La luz que se filtra a través de las ventanas de los edificios alineados en las grandes ciudades por la mañana representa la necesidad de energía como parte de la vida humana. Sin embargo, esta necesidad está aumentando rápidamente en todo el mundo. En 2020, la demanda de energía mundial mostró un aumento del 5,1% a pesar de los efectos del COVID-19. Esto demuestra que las soluciones de energía sostenible ya no son un lujo, sino una necesidad.
Según datos del Banco Mundial, se prevé que para 2030 la demanda de energía en todo el mundo aumente en un 30%. Este aumento será especialmente notable en los países en desarrollo. Por ejemplo, en India y algunas regiones de África, la proporción de la población sin acceso a electricidad sigue siendo alta. Esta situación afecta tanto el crecimiento económico como los estándares de vida. El acceso a la energía no es solo un lujo; es un elemento crítico para lograr muchos de los objetivos de desarrollo fundamentales, como la salud, la educación y la igualdad de género.

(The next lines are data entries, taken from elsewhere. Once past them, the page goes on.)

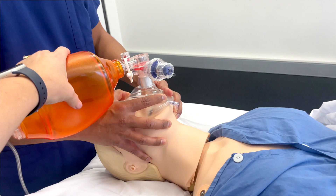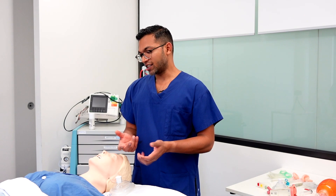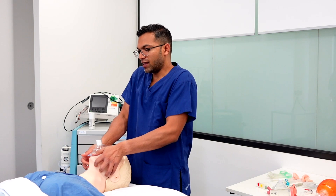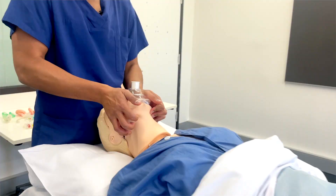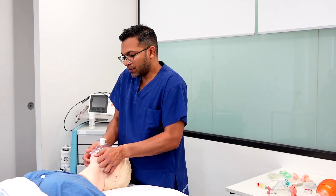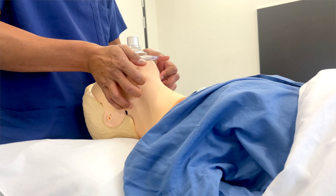If you have small hands or your hands are fatiguing, a really good option is to use your palms — that gives you all four fingers to lift up the jaw, using the intrinsic muscles of the hand rather than just the fingers. So I'm lifting up with fingers and pushing down with the palm, providing a strong jaw thrust and good access. Using your whole palm gives you much more strength.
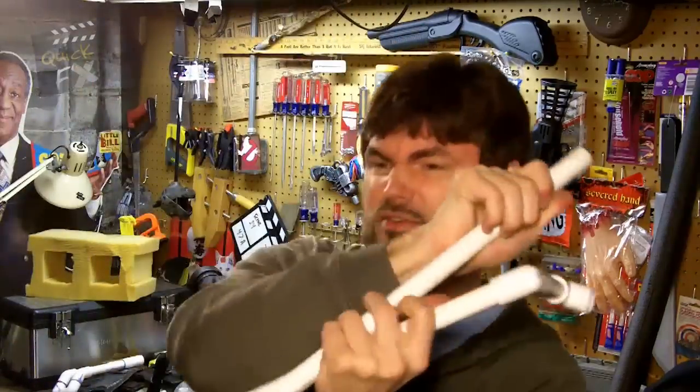Hey, what's happening? Today we are going to make a camera shoulder rig, and we're going to make it out of PVC pipe. That'll work.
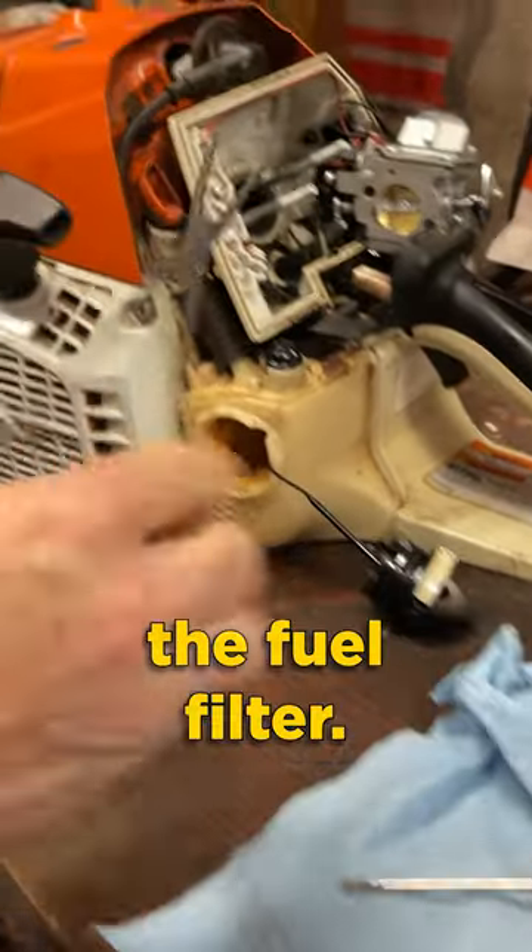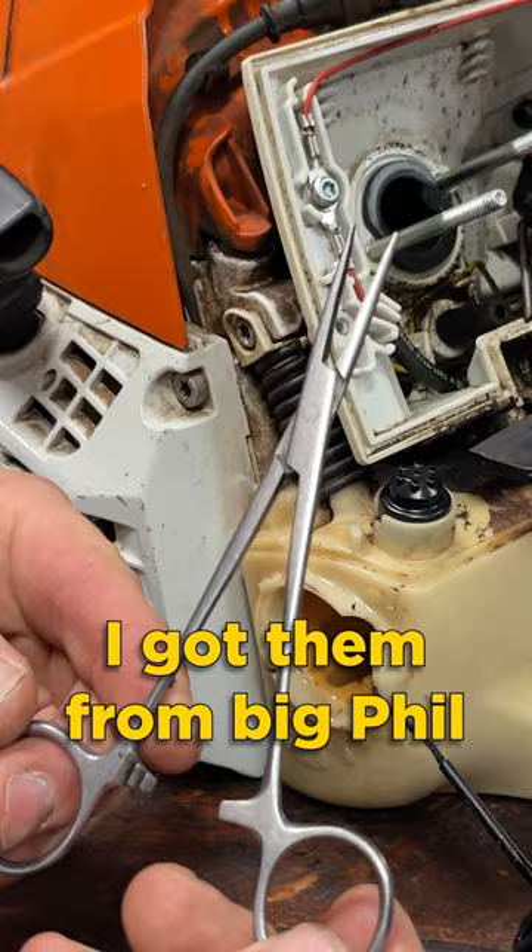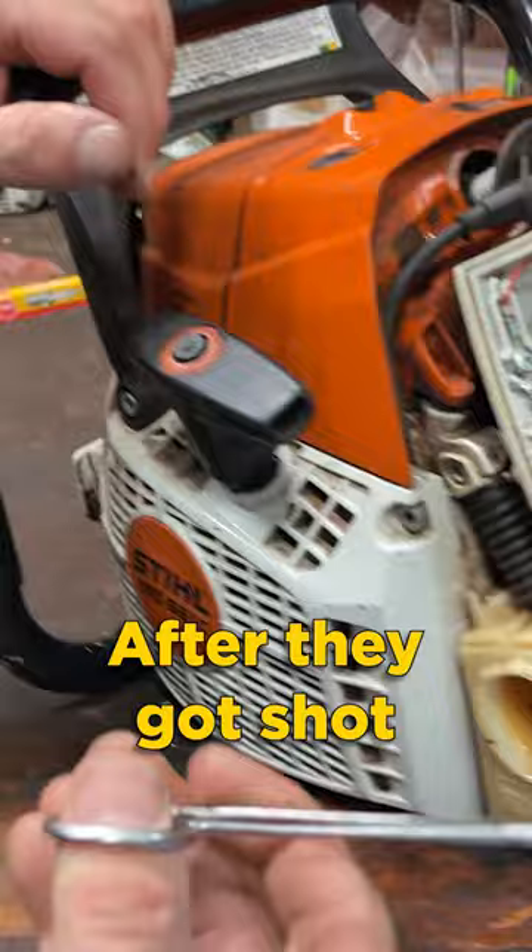I'm just going to change the fuel filter. I got these little surgical clamps. I got them from Big Phil years ago. He got them from some medical center. This probably held somebody's vein after they got shot or something.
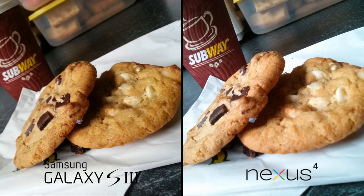In terms of an indoor shot, here's some pictures of some cookies — because that's what everyone uses their phones for, right, taking pictures of food. They look pretty similar to me, not a huge difference. I think it's just the color again. One thing to notice is that the focal length is wider on the S3 generally, so even taking the image from the same angle you're going to see a little bit more of the image with the S3 than the Nexus 4.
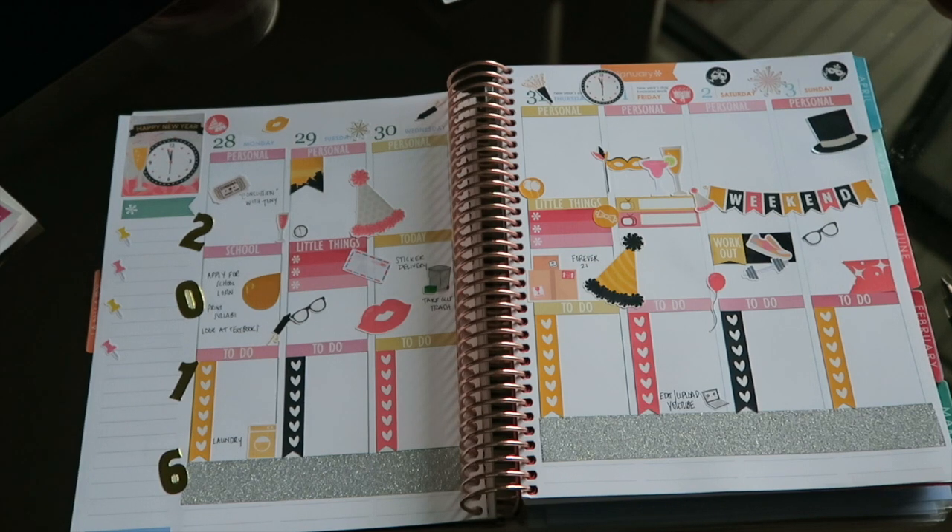I hope you guys enjoyed this plan-with-me — the first one of the year in my new 2016 Erin Condren planner. Like, comment, and subscribe for more plan-with-me videos. I will see you guys very soon — happy new year!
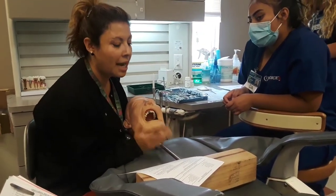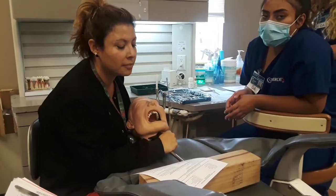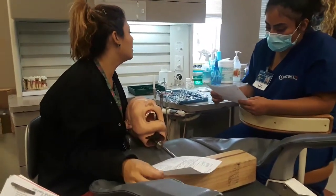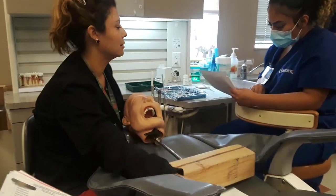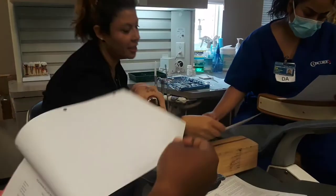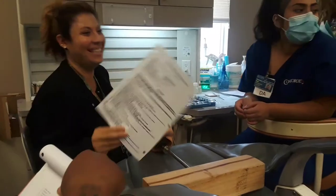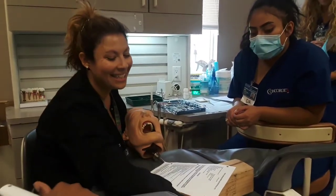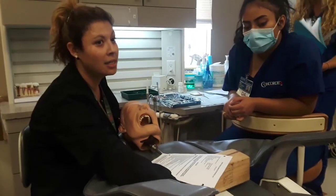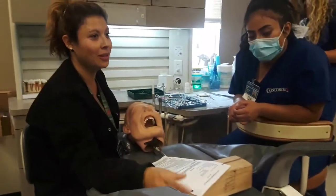Diamond bur — that's for occlusal adjustment. Cord packing instrument. Wait — this is prep. A cord packer is only for prep because we need to pack the cord around the sulcus for the final impression. That's how I knew which procedure we were off on.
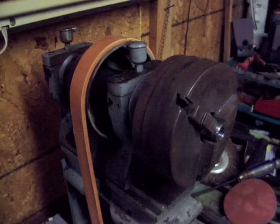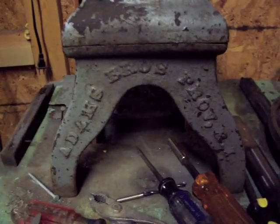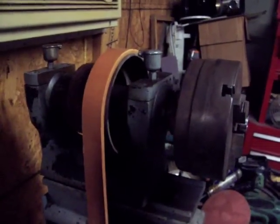This is my lathe, such as it is. It's an Adams Brothers, Providence, Rhode Island. I don't know what the lathe was used for in the factory that it came from, but it was actually cut down from a full-size machine.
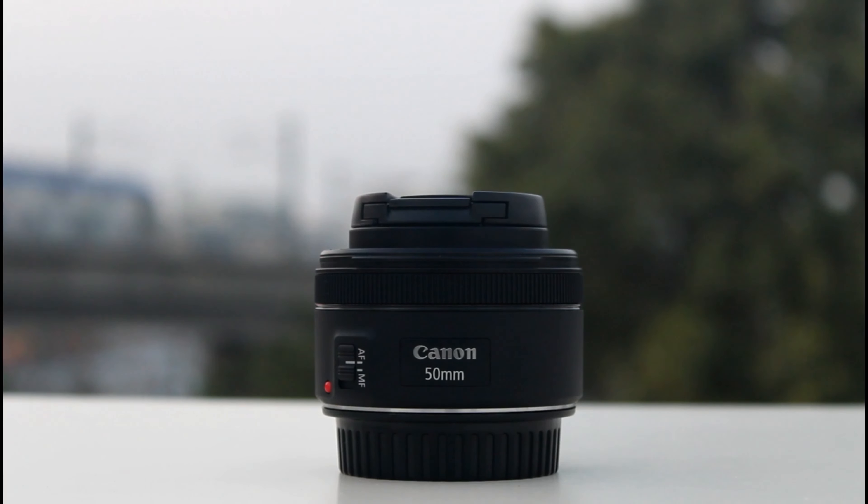The STM motor is very useful for video shooting — it operates quietly. The lens is compact and small in size, so we can carry it easily. The aperture is F1.8, so you can shoot in low light and achieve a nice bokeh effect. This makes it a remarkable and versatile lens.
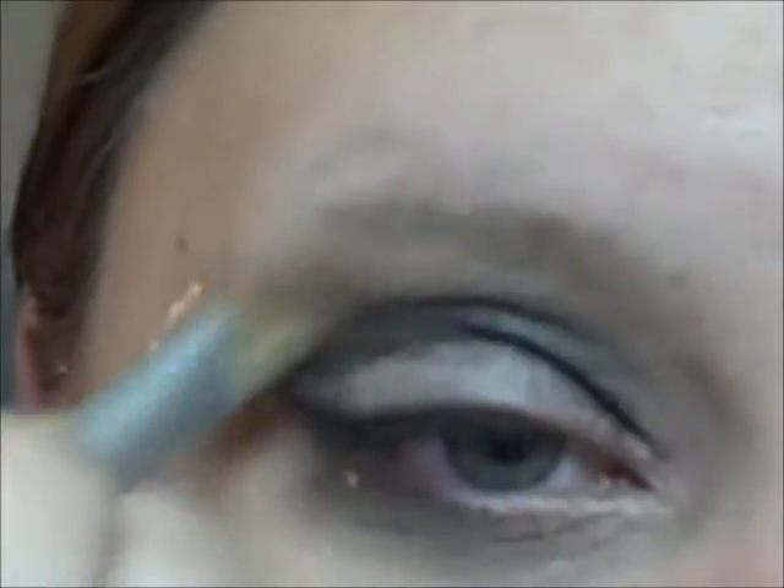Now I'm going to take a brush in any flesh tone color close to your skin tone and blend right on that line, just so there's not a harsh line and everything blends out really well.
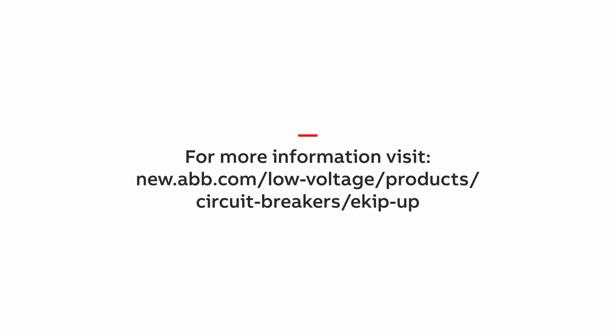So as you can see, eKipUp is the best way to upgrade and update all of your electrical systems. Thanks for watching, and thanks for taking advantage of our eKipUp platform. I'm Keith Singh. Thank you!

Las inversiones en fuentes de energía renovable se destacan como una forma de hacer frente a este aumento. En 2021, las inversiones en energía solar y eólica representaron el 80% de las inversiones energéticas totales a nivel mundial. Turquía también está dando pasos importantes al planear aumentar su capacidad de energía renovable en línea con los objetivos de 2023. Esta transformación reducirá la dependencia energética y aumentará las oportunidades de empleo local.
Sin embargo, no es suficiente con simplemente hacer la transición a energías renovables. La eficiencia energética también es de gran importancia. Según los informes de las Naciones Unidas, aumentar la eficiencia energética es una de las formas más efectivas de reducir el uso de combustibles fósiles. Las campañas de educación y concienciación juegan un papel crítico en acelerar la transformación social en este aspecto.
En resumen, la creciente necesidad de energía no es solo un problema técnico; es un asunto complejo que también tiene dimensiones sociales y económicas. Todos, desde los individuos hasta los gobiernos, deben hacer su parte para encontrar soluciones sostenibles. El panorama energético del futuro puede ser tan brillante como la efectividad de estas soluciones. Entonces, ¿qué pasos debemos dar en este proceso de transformación?